> Your objective: Line by line, give the data again exactly as it appears, but without pictures.

> Supplied material:
══════════════════════════════

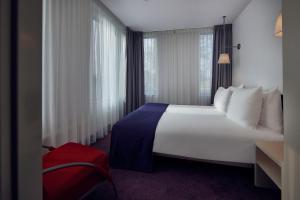 una habitación de hotel con una gran cama blanca y ventana en WestCord Art Hotel Amsterdam 4 stars, en Ámsterdam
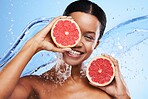 Fruit, skincare and black woman smile with grapefruit for facial wellness and skin glow. Portrait of a woman model with water splash and vitamin c for beauty, cosmetic nutrition and natural detox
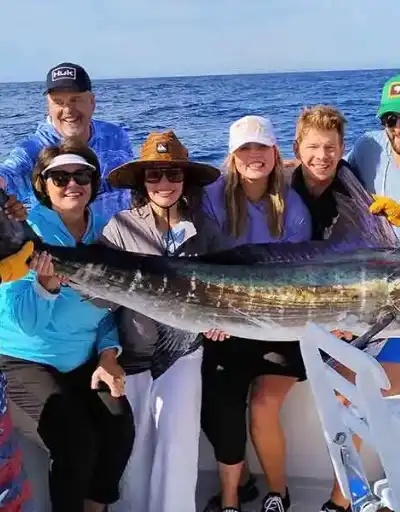 A large marlin being reeled in during a sportfishing charter.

══════════════════════════════

> Output for this exercise:
 una habitación de hotel con una gran cama blanca y ventana en WestCord Art Hotel Amsterdam 4 stars, en Ámsterdam
 Fruit, skincare and black woman smile with grapefruit for facial wellness and skin glow. Portrait of a woman model with water splash and vitamin c for beauty, cosmetic nutrition and natural detox
 A large marlin being reeled in during a sportfishing charter.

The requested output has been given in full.